**GIVEN MATERIAL:**
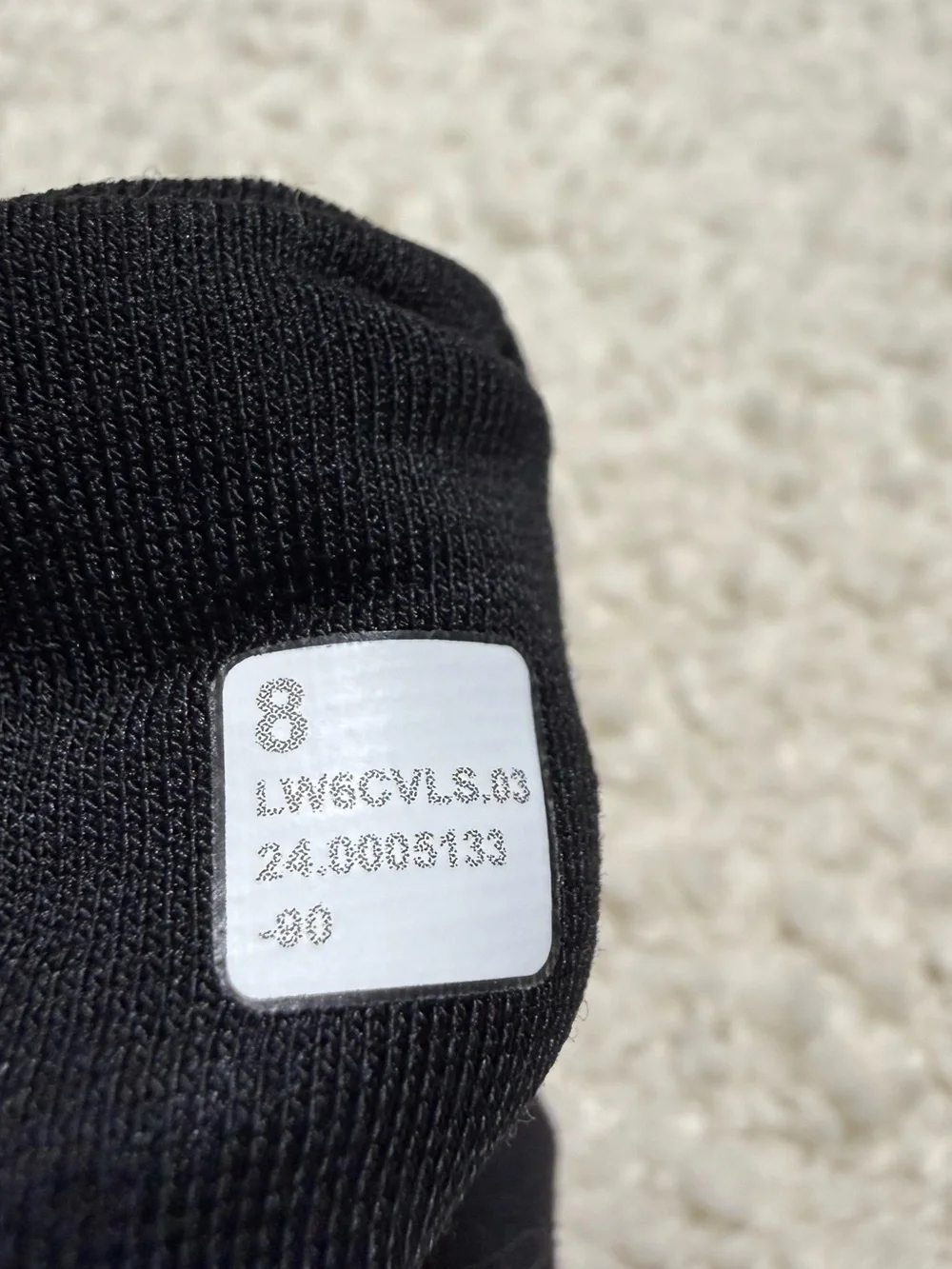 lululemon athletica excellent preowned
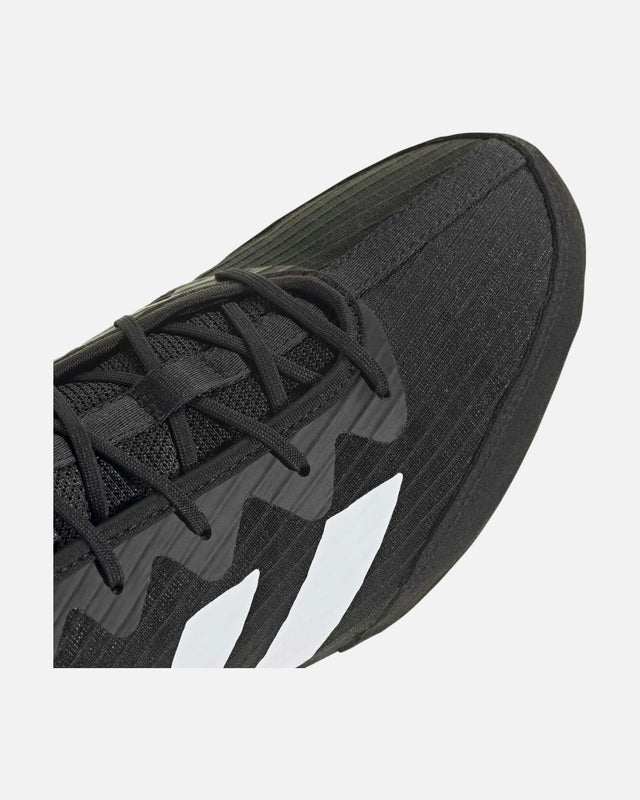 Adidas Boxing shoes Box Hog 4 – Black/White
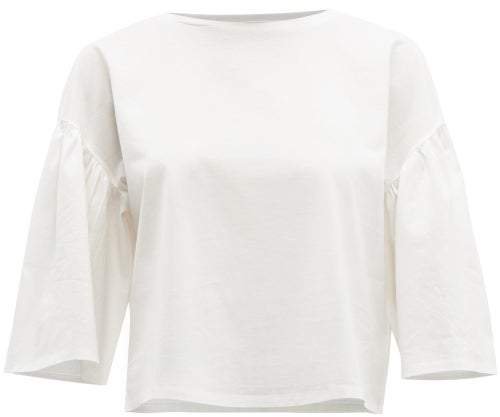 Alba T Shirt - Womens - White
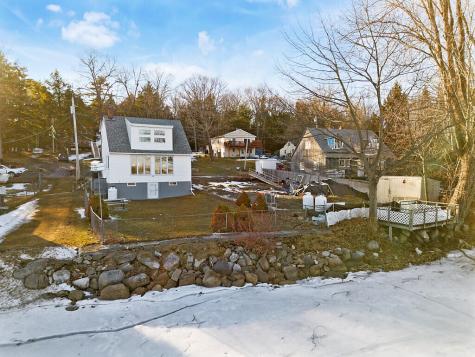 109 Luckys Landing Road Glenburn ME 04401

**WHAT NEEDS TO BE DONE:** Exactly the lines from the one containing "Alba T Shirt - Womens - White" through the end of the data above: repeat those, both ends included, and nothing else. Skip the pictures.

**SOLUTION:**
 Alba T Shirt - Womens - White
 109 Luckys Landing Road Glenburn ME 04401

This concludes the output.